レーザー干渉計21は、装置の基準点に対するモールド台2の位置を計測する。それぞれ3点の位置を計測しているので、モールドステージ3のZ、ωx、ωyの情報が得られる。またウエハ高さ計測手段22は、モールドステージ基部の不可動部分に固定されており、モールドステージ基部を基準としてウエハ面上の1点のZ距離を計測することができる。ウエハステージのX、Y軸を駆動してウエハ面上の複数点を計測することにより、ウエハ面のZ、ωx、ωy情報を求めることができる。以上の情報から、モールドステージ3とウエハステージ9の相対的なZ、ωx、ωyの関係を求めることができる。また、本実施例においてモールドステージ3は、モールドステージ駆動部15により、Z、ωx、ωyの3軸に対して自由度を有するものとしている。本実施例の押し付け動作は、モールドステージ3のZ駆動機構により行う。

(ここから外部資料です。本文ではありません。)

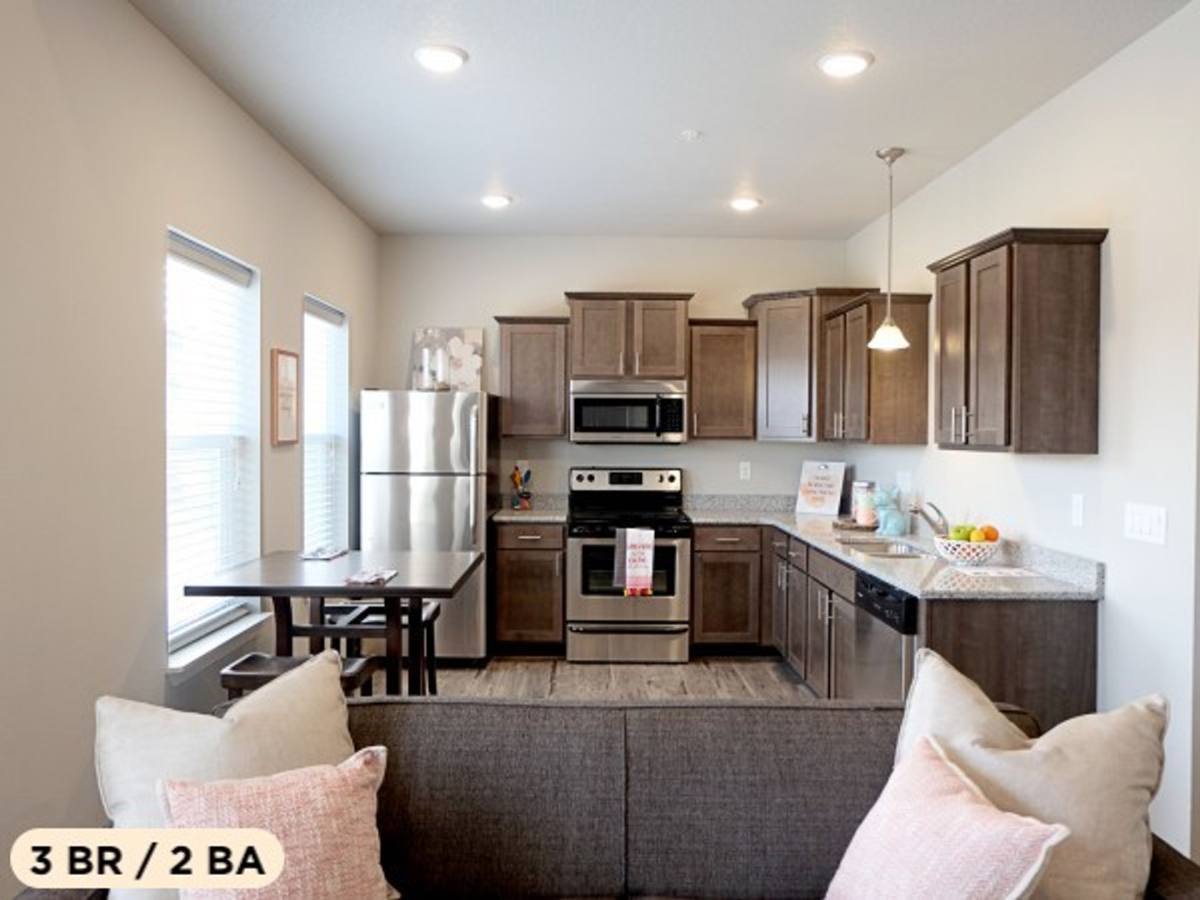 Townhouse for rent at 1360 SE Bishop Dr, Waukee, IA 50263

転写前には、不図示の位置ずれ計測手段により、モールド1とウエハ6のXY方向の相対的な位置ずれを計測し、補正する。モールド1とウエハ6の位置ずれ計測手段は、公知の技術を用いればよく、その位置ずれ補正はウエハステージ9で行う。
次に図14を用いて、本実施例の制御ブロックを説明する。
全体制御部(S1401)は、加工装置全体のシーケンスを制御するとともに、装置外部とのインターフェース、オペレータへのマンマシンインターフェースを提供する。
搬送制御部(S1408)は、全体制御部(S1401)からの指令により、ウエハ搬送部(S1409)とモールド搬送部(S1410)を駆動制御する。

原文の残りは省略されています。